What to do | Look through the records below for the line with "MAPARON Bondage Leather" and the line with "Glam Mirrored Glass", then return those lines and all lines between, exactly.

Supplied records |
::::::
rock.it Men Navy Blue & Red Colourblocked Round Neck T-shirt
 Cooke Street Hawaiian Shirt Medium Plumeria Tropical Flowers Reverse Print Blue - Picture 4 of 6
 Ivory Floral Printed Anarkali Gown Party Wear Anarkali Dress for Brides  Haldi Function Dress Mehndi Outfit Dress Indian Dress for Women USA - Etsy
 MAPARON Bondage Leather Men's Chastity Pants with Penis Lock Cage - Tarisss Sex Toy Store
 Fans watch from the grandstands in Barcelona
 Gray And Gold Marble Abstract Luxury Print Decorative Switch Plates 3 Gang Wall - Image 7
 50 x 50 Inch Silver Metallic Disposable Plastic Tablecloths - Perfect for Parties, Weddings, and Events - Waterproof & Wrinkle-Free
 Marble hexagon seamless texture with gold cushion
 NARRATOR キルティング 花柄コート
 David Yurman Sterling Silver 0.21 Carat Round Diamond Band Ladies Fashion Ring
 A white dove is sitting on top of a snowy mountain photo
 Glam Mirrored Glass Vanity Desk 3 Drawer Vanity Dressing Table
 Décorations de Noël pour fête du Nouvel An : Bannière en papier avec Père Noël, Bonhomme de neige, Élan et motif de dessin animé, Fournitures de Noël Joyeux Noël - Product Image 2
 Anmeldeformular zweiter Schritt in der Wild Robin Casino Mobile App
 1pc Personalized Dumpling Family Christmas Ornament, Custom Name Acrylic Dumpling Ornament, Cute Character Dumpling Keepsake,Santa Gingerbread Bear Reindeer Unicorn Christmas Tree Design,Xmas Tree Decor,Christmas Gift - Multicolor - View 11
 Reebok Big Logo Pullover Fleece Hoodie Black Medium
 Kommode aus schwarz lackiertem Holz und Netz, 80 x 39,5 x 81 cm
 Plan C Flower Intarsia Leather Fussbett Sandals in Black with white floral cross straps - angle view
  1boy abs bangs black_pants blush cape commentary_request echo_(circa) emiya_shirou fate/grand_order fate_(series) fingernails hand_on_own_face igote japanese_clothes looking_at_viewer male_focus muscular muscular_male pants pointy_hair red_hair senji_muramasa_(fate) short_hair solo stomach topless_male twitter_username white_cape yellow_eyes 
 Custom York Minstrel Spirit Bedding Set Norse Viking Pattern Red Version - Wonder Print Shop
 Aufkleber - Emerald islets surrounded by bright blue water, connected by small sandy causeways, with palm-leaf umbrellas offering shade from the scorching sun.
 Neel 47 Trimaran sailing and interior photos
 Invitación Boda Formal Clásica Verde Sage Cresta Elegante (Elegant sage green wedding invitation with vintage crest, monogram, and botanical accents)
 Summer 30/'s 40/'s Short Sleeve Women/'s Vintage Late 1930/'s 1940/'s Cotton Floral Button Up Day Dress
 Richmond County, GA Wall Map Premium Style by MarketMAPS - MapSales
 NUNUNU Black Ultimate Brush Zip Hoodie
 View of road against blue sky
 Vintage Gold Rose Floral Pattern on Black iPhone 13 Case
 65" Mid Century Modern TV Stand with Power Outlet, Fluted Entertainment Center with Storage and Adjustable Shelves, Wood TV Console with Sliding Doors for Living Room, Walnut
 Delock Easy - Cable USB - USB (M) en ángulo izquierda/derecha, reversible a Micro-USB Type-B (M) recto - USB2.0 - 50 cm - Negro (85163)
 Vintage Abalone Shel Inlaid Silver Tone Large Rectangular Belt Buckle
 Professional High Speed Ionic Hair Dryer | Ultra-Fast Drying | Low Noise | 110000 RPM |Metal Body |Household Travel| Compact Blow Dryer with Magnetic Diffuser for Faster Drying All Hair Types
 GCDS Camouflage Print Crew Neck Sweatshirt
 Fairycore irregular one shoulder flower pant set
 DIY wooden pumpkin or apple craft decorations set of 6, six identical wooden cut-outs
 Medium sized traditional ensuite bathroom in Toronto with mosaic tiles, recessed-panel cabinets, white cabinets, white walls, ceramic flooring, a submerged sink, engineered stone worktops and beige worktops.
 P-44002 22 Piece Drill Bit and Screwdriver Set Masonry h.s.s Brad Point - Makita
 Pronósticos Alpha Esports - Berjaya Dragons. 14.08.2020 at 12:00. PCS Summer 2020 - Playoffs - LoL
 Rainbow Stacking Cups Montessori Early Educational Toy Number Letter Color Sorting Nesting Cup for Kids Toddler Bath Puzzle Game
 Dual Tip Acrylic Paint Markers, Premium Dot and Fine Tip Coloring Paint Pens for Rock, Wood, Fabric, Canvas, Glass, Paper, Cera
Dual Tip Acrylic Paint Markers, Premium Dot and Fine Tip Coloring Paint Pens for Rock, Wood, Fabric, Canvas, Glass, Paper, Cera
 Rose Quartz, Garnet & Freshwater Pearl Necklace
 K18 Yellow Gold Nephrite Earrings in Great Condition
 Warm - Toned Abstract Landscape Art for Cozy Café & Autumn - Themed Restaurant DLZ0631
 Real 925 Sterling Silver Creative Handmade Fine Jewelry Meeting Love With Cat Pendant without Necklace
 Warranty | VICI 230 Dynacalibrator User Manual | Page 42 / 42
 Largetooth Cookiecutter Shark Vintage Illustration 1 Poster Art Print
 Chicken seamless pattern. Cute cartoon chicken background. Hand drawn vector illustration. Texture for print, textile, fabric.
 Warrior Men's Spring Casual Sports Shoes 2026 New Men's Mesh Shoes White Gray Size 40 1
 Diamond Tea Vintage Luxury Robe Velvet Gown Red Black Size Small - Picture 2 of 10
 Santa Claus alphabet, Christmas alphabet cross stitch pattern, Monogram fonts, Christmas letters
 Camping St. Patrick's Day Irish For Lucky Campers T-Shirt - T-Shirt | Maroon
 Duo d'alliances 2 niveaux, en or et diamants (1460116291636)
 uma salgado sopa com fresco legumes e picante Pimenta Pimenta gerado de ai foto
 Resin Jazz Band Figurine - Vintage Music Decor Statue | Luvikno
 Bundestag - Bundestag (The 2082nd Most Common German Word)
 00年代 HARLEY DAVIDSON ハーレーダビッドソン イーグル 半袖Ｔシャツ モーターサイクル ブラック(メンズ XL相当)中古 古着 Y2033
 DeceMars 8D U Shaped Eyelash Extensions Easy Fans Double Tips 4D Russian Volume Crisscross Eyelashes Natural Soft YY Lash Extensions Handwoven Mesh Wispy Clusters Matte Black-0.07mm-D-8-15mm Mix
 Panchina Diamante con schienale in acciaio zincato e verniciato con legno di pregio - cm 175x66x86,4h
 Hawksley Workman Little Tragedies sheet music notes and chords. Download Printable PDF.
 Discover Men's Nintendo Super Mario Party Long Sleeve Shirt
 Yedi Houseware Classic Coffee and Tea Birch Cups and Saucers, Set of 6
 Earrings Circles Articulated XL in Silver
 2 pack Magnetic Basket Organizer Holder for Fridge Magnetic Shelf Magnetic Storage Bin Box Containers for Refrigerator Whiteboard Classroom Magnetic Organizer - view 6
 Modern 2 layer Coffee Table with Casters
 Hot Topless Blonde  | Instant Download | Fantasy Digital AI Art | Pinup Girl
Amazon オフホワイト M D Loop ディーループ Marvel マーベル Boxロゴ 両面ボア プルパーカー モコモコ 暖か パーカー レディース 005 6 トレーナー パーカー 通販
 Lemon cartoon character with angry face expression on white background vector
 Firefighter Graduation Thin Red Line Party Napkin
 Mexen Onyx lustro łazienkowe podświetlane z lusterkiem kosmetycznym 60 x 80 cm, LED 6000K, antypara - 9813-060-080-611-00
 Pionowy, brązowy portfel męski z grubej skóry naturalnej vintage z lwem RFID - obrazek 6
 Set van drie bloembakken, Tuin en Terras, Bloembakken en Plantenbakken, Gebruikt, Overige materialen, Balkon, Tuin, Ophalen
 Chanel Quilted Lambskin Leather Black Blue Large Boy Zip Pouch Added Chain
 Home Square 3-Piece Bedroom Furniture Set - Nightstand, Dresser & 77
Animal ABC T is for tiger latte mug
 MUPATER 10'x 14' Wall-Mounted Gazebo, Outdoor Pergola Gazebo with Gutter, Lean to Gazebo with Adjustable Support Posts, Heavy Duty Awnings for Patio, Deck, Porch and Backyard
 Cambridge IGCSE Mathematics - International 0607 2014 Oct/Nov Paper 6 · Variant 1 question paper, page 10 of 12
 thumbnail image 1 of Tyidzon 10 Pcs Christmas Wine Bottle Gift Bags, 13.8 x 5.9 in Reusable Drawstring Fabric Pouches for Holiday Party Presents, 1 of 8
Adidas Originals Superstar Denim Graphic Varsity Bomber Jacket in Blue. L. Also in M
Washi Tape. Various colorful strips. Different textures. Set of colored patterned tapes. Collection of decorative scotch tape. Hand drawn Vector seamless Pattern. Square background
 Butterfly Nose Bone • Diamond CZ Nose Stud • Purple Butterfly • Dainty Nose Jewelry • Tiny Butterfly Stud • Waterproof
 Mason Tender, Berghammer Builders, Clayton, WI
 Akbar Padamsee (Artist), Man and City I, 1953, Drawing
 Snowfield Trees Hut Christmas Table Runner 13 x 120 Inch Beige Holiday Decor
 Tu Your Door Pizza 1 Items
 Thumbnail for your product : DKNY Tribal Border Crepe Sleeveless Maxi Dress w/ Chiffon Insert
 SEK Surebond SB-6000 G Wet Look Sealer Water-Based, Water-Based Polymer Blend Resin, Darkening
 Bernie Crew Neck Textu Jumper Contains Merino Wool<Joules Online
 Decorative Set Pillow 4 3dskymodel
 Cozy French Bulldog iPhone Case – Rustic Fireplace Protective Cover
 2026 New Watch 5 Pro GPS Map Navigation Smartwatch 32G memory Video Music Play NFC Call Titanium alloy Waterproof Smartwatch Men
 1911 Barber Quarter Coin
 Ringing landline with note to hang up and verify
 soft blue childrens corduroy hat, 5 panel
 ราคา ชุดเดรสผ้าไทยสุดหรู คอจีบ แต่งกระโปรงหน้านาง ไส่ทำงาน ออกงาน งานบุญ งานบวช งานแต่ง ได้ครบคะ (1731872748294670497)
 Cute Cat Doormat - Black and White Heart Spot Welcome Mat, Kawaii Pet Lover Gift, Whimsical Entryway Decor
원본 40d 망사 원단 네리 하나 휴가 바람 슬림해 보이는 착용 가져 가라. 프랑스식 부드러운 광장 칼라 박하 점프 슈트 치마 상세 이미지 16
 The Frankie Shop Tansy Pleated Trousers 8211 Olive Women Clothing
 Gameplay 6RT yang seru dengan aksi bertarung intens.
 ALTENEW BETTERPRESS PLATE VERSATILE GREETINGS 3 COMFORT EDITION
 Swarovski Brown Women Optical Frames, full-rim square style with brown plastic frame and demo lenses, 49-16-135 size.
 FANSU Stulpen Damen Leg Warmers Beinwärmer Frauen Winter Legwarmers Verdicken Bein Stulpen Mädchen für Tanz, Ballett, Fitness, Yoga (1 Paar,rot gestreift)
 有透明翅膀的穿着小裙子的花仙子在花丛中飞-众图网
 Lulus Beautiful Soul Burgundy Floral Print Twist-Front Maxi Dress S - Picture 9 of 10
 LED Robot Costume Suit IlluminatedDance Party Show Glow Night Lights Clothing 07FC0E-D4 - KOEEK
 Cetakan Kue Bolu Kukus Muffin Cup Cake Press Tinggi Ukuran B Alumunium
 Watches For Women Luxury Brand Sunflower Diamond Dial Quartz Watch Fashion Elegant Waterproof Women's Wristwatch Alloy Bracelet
::::::
Solution for this problem |
 MAPARON Bondage Leather Men's Chastity Pants with Penis Lock Cage - Tarisss Sex Toy Store
 Fans watch from the grandstands in Barcelona
 Gray And Gold Marble Abstract Luxury Print Decorative Switch Plates 3 Gang Wall - Image 7
 50 x 50 Inch Silver Metallic Disposable Plastic Tablecloths - Perfect for Parties, Weddings, and Events - Waterproof & Wrinkle-Free
 Marble hexagon seamless texture with gold cushion
 NARRATOR キルティング 花柄コート
 David Yurman Sterling Silver 0.21 Carat Round Diamond Band Ladies Fashion Ring
 A white dove is sitting on top of a snowy mountain photo
 Glam Mirrored Glass Vanity Desk 3 Drawer Vanity Dressing Table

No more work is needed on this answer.